■ Exercise input ■
┌──

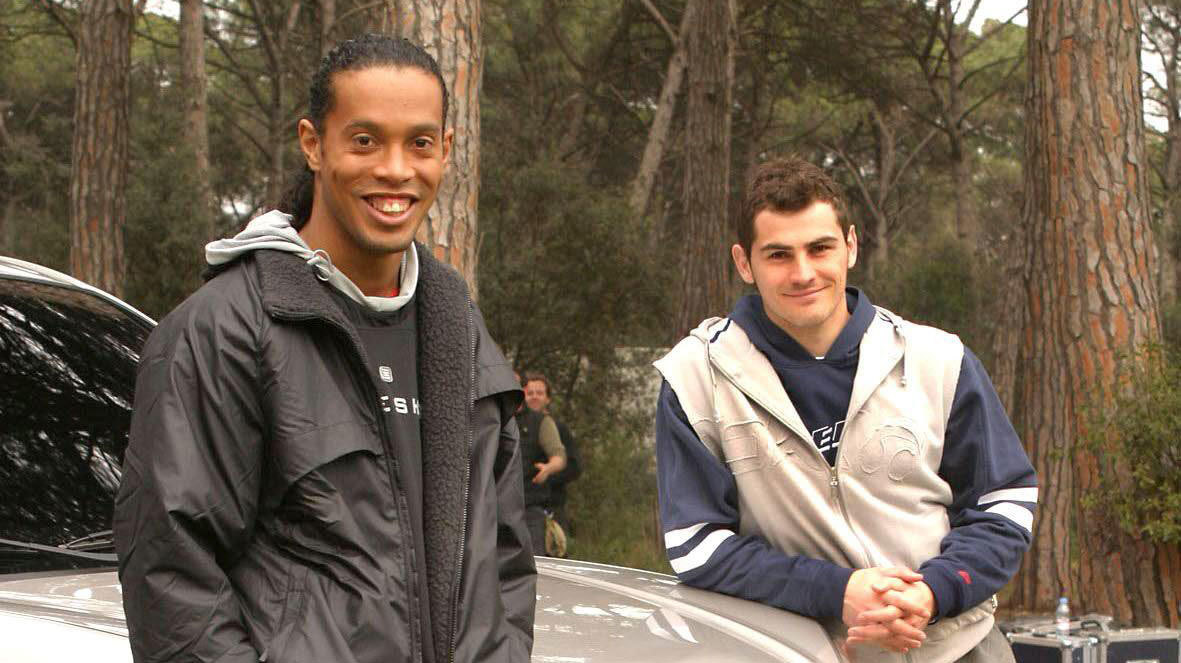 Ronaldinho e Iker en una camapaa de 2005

└──
┌──

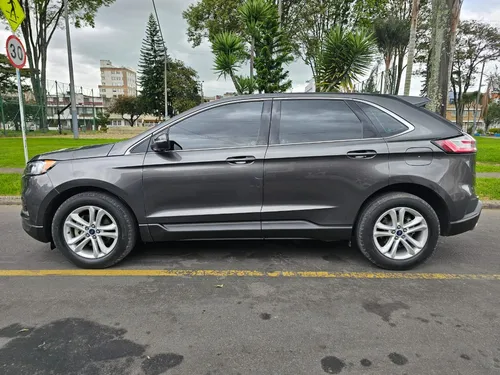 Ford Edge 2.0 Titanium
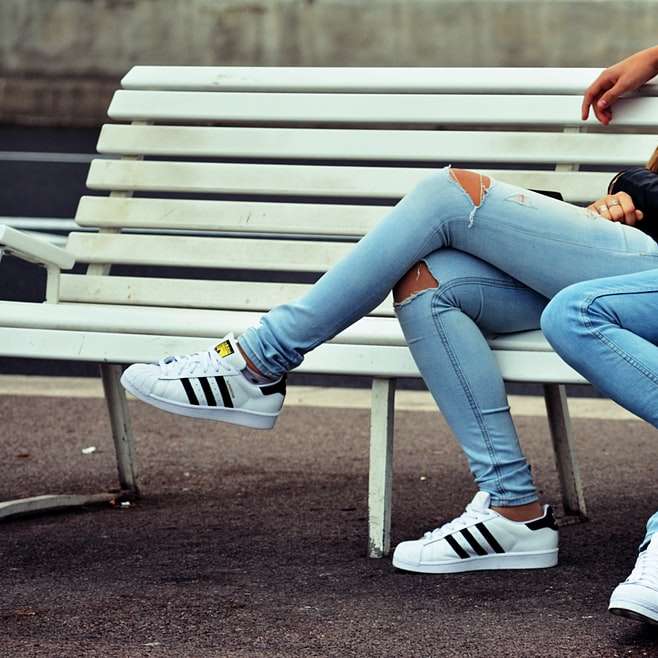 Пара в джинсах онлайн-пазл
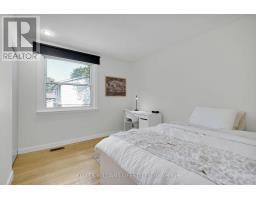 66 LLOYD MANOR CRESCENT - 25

└──

■ Aim of the task ■
Only the lines starting at the one that includes "Ford Edge 2.0 Titanium" and ending at the one that includes "66 LLOYD MANOR CRESCENT - 25" should be retyped, exactly, from the records above; no pictures.

■ Response ■
 Ford Edge 2.0 Titanium
 Пара в джинсах онлайн-пазл
 66 LLOYD MANOR CRESCENT - 25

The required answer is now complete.